The Rarity of Rasheed

By Beth McNichol
(originally published 12/18/94)


Questions, questions. There always have been questions for Rasheed Wallace. When Sports Illustrated came calling at 14 years old, Wallace probably had a pretty good indication it would be difficult to hide from all those questions for the next, oh, 20-30 years.

When The Philadelphia Inquirer and Daily News began a college-choice vigil on the lanky 6-10 center from the City of Brotherly Love when he was 15, he probably knew he could throw normalcy out the window.

And when the Inquirer magazine ran a Wilt-Chamberlain-sized article about his daily life at 16 — Who’s your Algebra teacher, Rasheed? What do you talk to your girlfriend about, Rasheed? How are your grades, Rasheed? — well, let's just say it's enough to drive a man to silence.

So if you have a question for media-tested Wallace these days, he will answer it for you on the court. Because that's about the only place you can be sure to find him eventually.

For Wallace, home is where the ball bounces. Literally. Growing up on West Tulpehocken Street in Philly, Wallace’s bedroom in apartment 3F was a basketball court sans referees, complete with foul lines drawn on the floor. A poster of Patrick Ewing looked on as he honed the natural talent that prompted observers to label him the best thing to come out of Philadelphia since cream cheese and Chamberlain himself.

“The basketball just takes care of itself with him,” said Wallace’s coach at Simon Gratz High, Bill Ellerbee, who saw Wallace help Gratz to a city championship at 14 and a top national ranking his senior year. “Rasheed is a great basketball player, and he’ll become even more fundamentally sound under Dean Smith. And he’ll be even more so when he moves on to the next level.”

Scary.

More anecdotes from the Friends of Rasheed Club:

Whenever Shelley Henderson of Gratz answers a call from a Chapel Hillian looking for The Man Who Coached Wallace, the first thing she says is, “Oh, how’s Rasheed?” And then she proudly identifies herself: “I was his SAT coach. Thank God for me, huh?”

Although it is true Wallace struggled to make the minimum 700 required to enroll in school, it is a misconception that he never worked hard in a high school classroom.
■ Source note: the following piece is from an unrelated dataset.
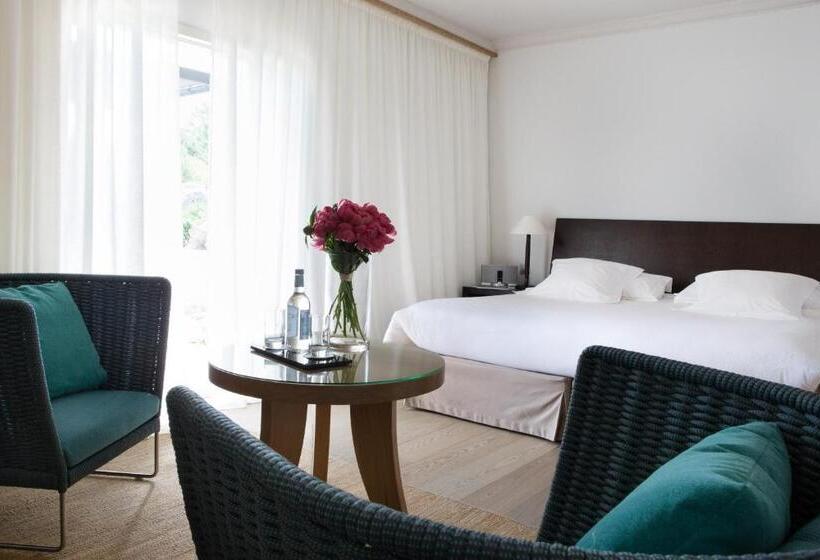 Номер Deluxe Вид на Море, La Villa Calvi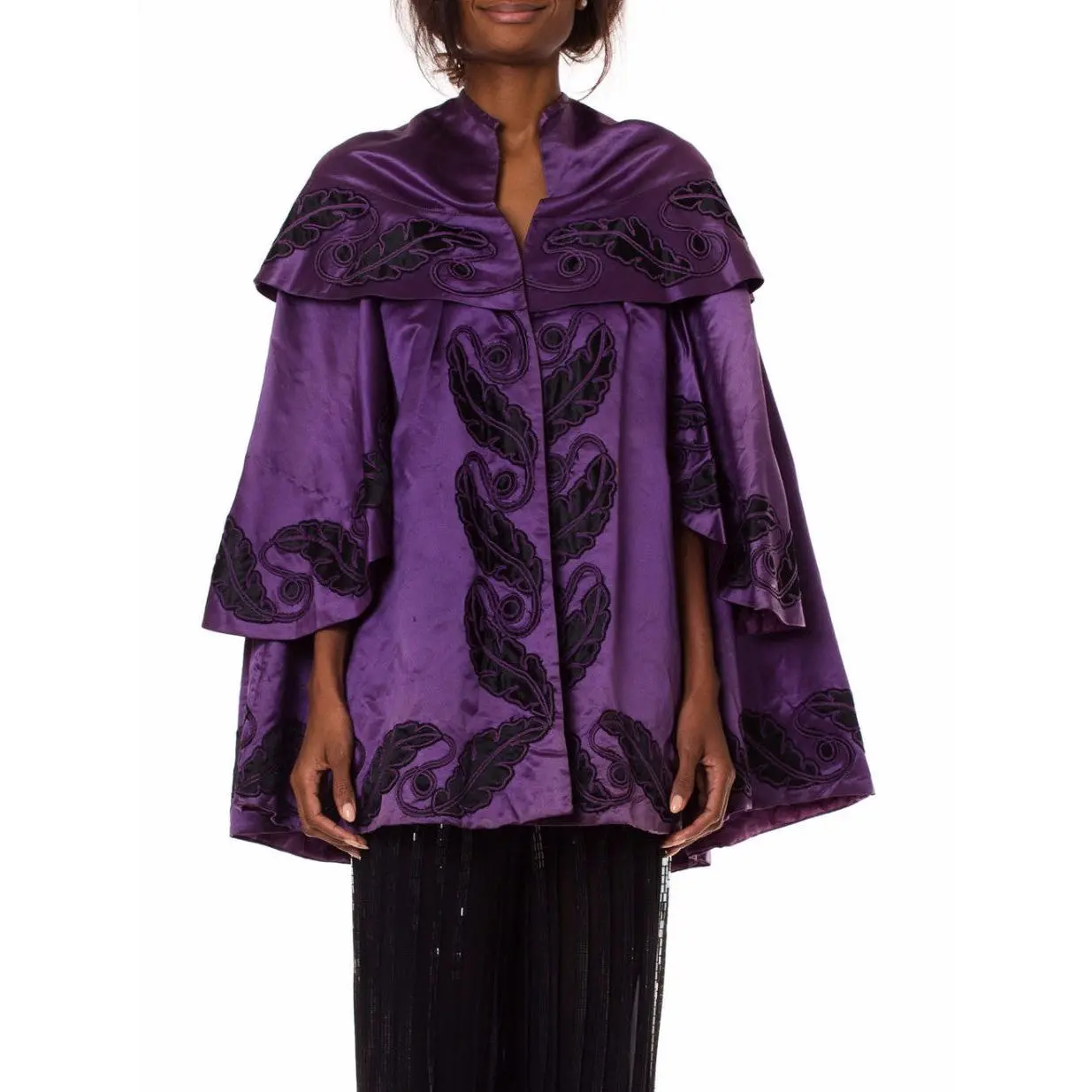 Victorian Purple & Black Silk Satin 1850-70 Cape With Hand-Quilted Lining Appliqués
His mother, Jackie, saw to it that her youngest son had interests beyond athletics, also advising him that anyone who is worthwhile can build things with his hands as well as with his mind. He was never great academically, but never too bad either. He was, like most of us, just average. And while we’re on the subject of misconceptions, Philadelphia Inquirer photographer Ron Cortes has one to clear up about Wallace. Cortes, who spent a great deal of time around Wallace, said he wasn’t always so brash.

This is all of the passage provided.